Under the project, Norsepower’s Rotor Sails were installed on the VLCC to improve fuel efficiency and reduce emissions.

The impact of the installation of the Rotor Sail solution, including a review of structural reinforcement and visibility calculation, was reviewed using computational-fluid dynamics (CFD) during the joint development project (JDP), confirming a potential of 6-10% fuel and emissions savings, dependent on operating routes.

The Norsepower solution, which can be installed on new vessels or retrofitted on existing ships without off-hire costs is fully automated and senses whenever the wind is strong enough to deliver fuel savings, at which point the rotors start automatically.

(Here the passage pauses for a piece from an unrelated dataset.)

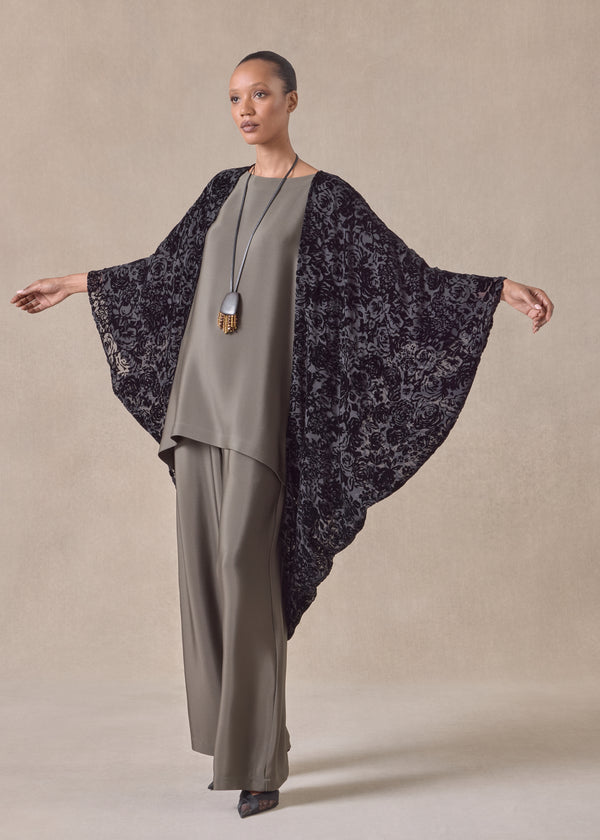 eskandar silk mix cocoon jacket coat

Apart from the VLCC, Norsepower’s Rotor Sails have been installed onboard three vessels, including Bore’s M/S Estraden, a 9,700 dwt RoRo carrier, Viking Line’s M/S Viking Grace, an LNG–fueled cruise ferry, and Maersk Tankers’ 110,000 dwt Maersk Pelican. Norsepower has also recently started a delivery project of a Rotor Sail to a hybrid ferry owned by Danish shipping company Scandlines.

As explained, the award of AiP demonstrates the potential for a cost-effective way of reducing ship emissions and allows the shipping industry to address the challenge of reducing greenhouse gas (GHG) emissions by 2050.

“We have focused on developing clean and smart ships that are technically reliable and commercially feasible. We are proud to design advanced ships that will benefit ship owners and lead eco-friendly shipping,” Liu Jianfeng, Chief Technologist of SWS, said.